Esta historia que os escribo no es como las demás que he leído. Quiero decir, no es una historia de terror, de personas muertas que nos visitan, espíritus, oscuridad, etc. Pero aún hoy, unos 6 años después, siento una mezcla de miedo y vergüenza al recordar lo que llegué a pensar en hacer.A mi trabajo llego un nuevo compañero de departamento del que me enamoré. Desgraciadamente para mí, el no sentía lo mismo.

Al principio, no es que no me importase (todo lo contrario), sino que, por decirlo de algún modo, yo lo llevaba bien y aguantaba, dentro de lo que cabe, el no poder salir con el.Pero era claro que no iba a poder continuar así durante mucho tiempo.

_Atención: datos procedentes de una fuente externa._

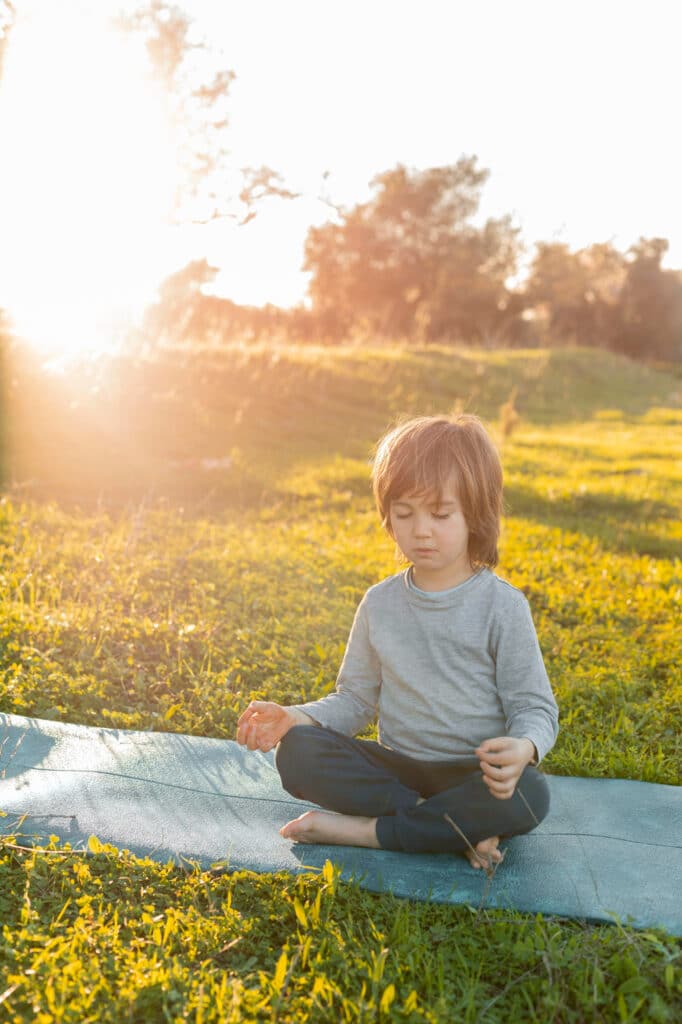 Un petit garçon méditant en pleine nature, assis sur un tapis.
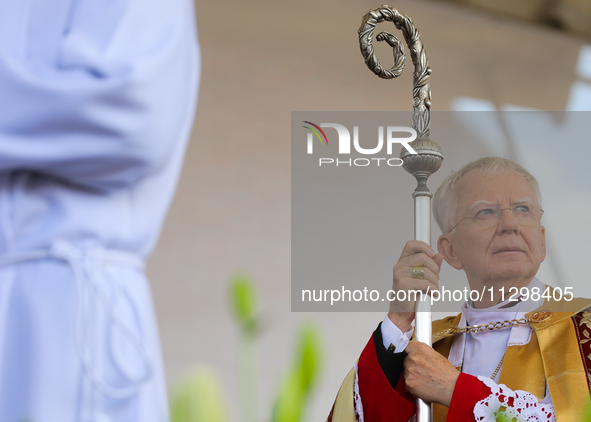 Metropolitan Archbishop of Krakow Marek Jedraszeski is walking during the Corpus Christi procession through the city streets in Krakow, Pola...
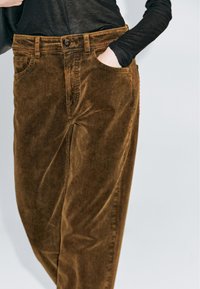 Bruine corduroy broek met een relaxte pasvorm, voorzien van zijzakken en een knoopsluiting bij de tailleband. Textuur met verticale ribbels zichtbaar.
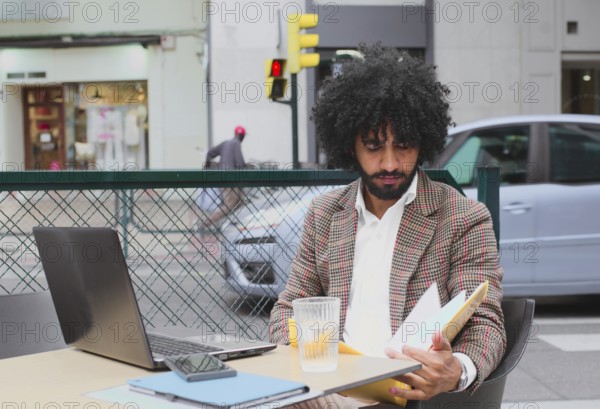 A young Mixed-race man with curly hair working remotely at a street-side cafe, carefully reviewing documents while surrounded by urban life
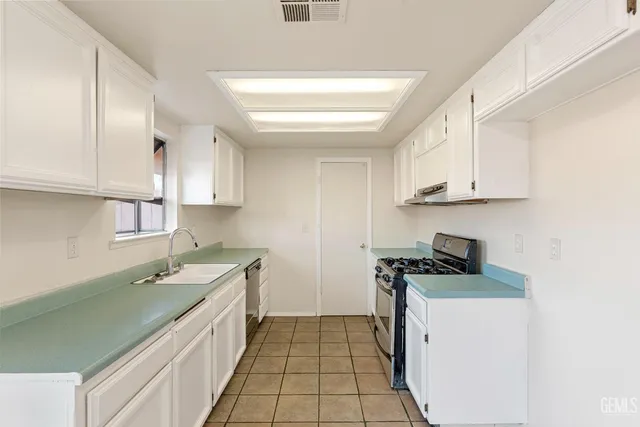 a kitchen that has a sink and a stove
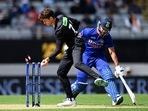 New Zealand's Mitchell Santner, left, attempts to run out India's Shikhar Dhawan during their one day international cricket match in Auckland, New Zealand, Friday, Nov. 25, 2022. (Andrew Cornaga/Photosport via AP) New Zealand's Mitchell Santner, left, attempts to run out India's Shikhar Dhawan during their one day international cricket match in Auckland, New Zealand, Friday, Nov. 25, 2022. (Andrew Cornaga/Photosport via AP)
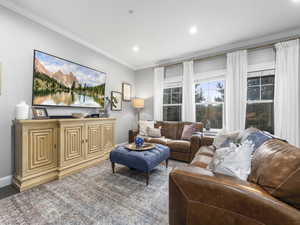 Living area featuring crown molding, recessed lighting, and baseboards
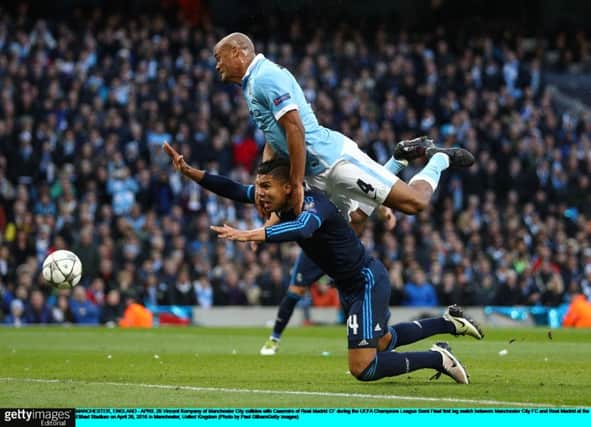 Real Madrid midfielder Casemiro succumbs to the challenge of Manchester City captain Vincent Kompany. Picture: Paul Gilham/Getty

Llegué a sentir una impotencia, una tristeza y una desesperación tan grande, que un buen día empecé (menos mal que solamente empecé) a materializar lo que desde hacía algún tiempo rondaba como solución a mi estado de ánimo.

Me di un buen baño, me maquillé y me vestí muy guapa, salí a la calle. Acudí a una tienda de una de las calles más céntricas de la ciudad, y solicité a la dependienta unas cuchillas de afeitar, ya imagináis con qué finalidad. ¿Os dais cuenta? Sólo me quedaban unas horas de vida, tan sólo unas horas más de existencia y… ¡adiós para siempre a todo lo que conocía, familia, amigos…! Sí, yo había planteado tomar una terrible determinación.

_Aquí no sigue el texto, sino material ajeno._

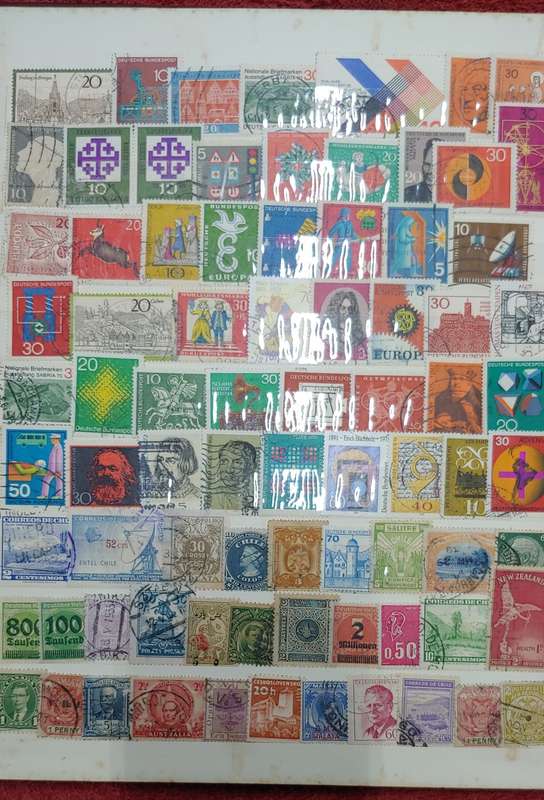 USED A4 STOCKBOOK FULL OF MIXED WORLDS STAMPS 12/24 PAGES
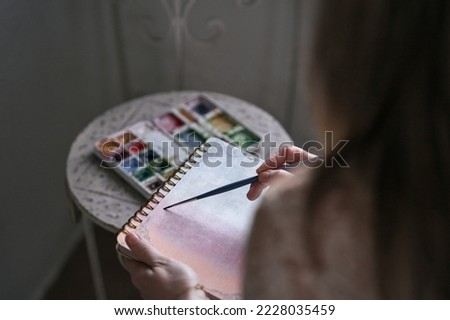 closeup of a caucasian mature woman's left hand holding a notebook while painting on it with a fine brush Royalty-Free Stock Photo #2228035459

La dependienta, endiabladamente inteligente, por cierto, me miró con cara de preocupación y sospecha. Yo creí adivinar lo que estaba pensando. ¿Cuchillas de afeitar, cuando hoy se utilizan maquinillas desechables, o con esas otras maquinillas de cabeza basculante y loción suavizante incorporada?

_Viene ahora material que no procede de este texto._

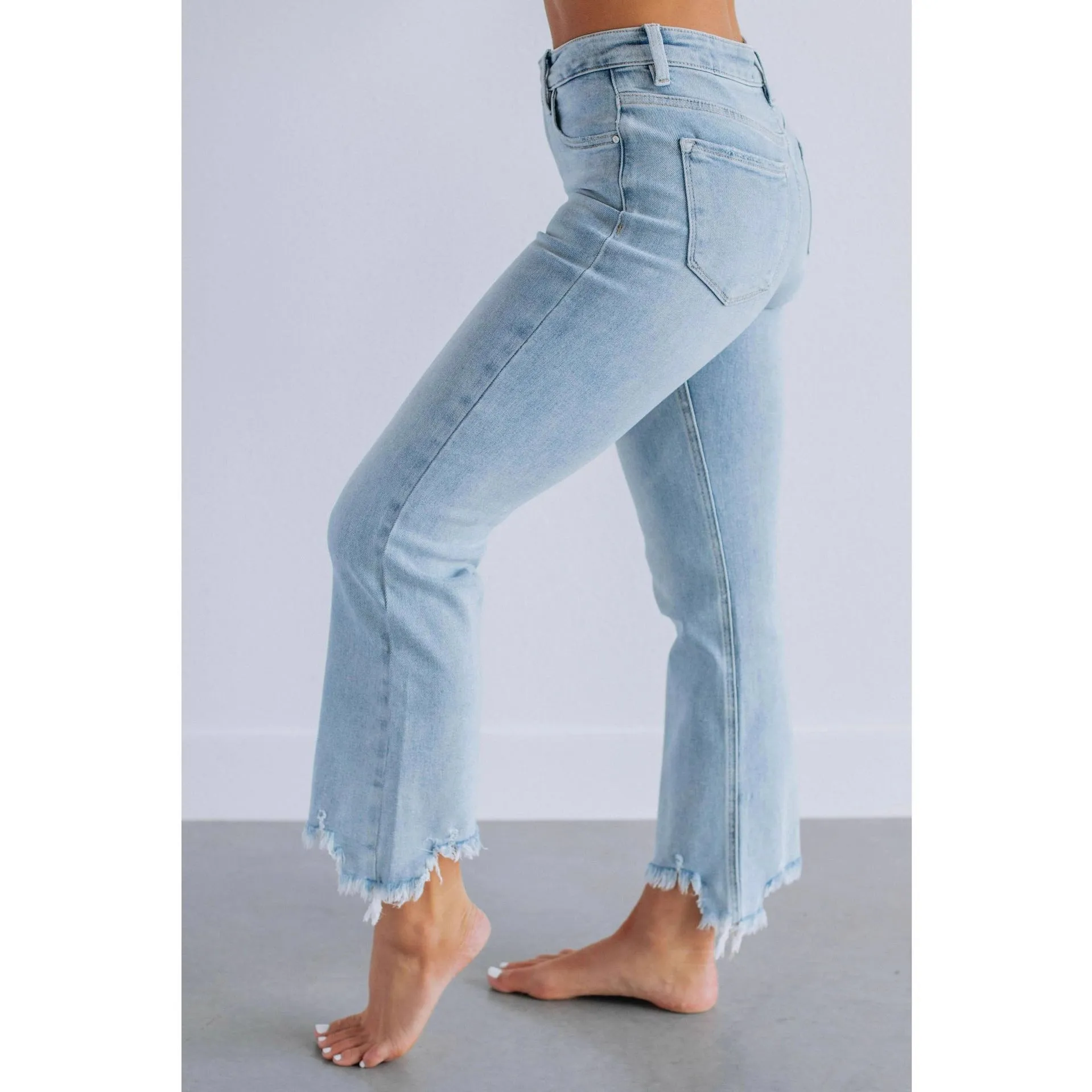 Women's solid colour denim jeans in dark blue showing hand-worn texture and casual fit.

Tuve que apresurarme a darle un pretexto con el que no debió quedar muy convencida, pues a pesar de que finalmente me vendió las cuchillas, la expresión de su rostro no cambió. Emprendí el largo paseo de vuelta a mi casa, increíblemente tranquila teniendo en cuenta lo que estaba a punto de hacer.

Sin duda, estaba decidida a dejar de sufrir. Camine hasta mi portal, subí las escaleras, entré en casa, me encerré en el cuarto de baño, extraje una cuchilla de la cajita, retiré el papelito en el que estaba envuelta… treinta centímetros, veinte, diez, cinco… me miré en el espejo, pensando “quiero ver mi cara por última vez” … y cuando tenía el filo de la cuchilla a no más de dos centímetros de mi muñeca izquierda, ocurrió el milagro.

Me dio por preguntarme a mí misma si realmente merecía la pena hacer aquello. Era una penalidad; grande, pero sólo una. ¿Merecía la pena abandonar todas las cosas buenas que yo conocía, por una única penalidad? Muy lentamente, volví a guardar la cuchilla, cuidadosamente envuelta, en su caja. Y bajé a tirarla en el contenedor de basura.

En los días siguientes, por no decir semanas, no me atrevía a mirarme en el espejo ni para lavarme la cara, era tanta la vergüenza que yo misma me había hecho pasar. Pero yo estaba destinada a vivir. Afortunadamente, no hay mal que cien años duré, y poco a poco empecé a ver a mi compañero de trabajo solamente como un amigo.

Por supuesto, nunca le conté lo que ahora os cuento a vosotros/as. Sólo sé que, según dice el refrán, “lo que no te mata te hace más fuerte”. Nunca intentéis suicidaros, y menos aún por no ser correspondidos en el amor, porque llegará otra oportunidad.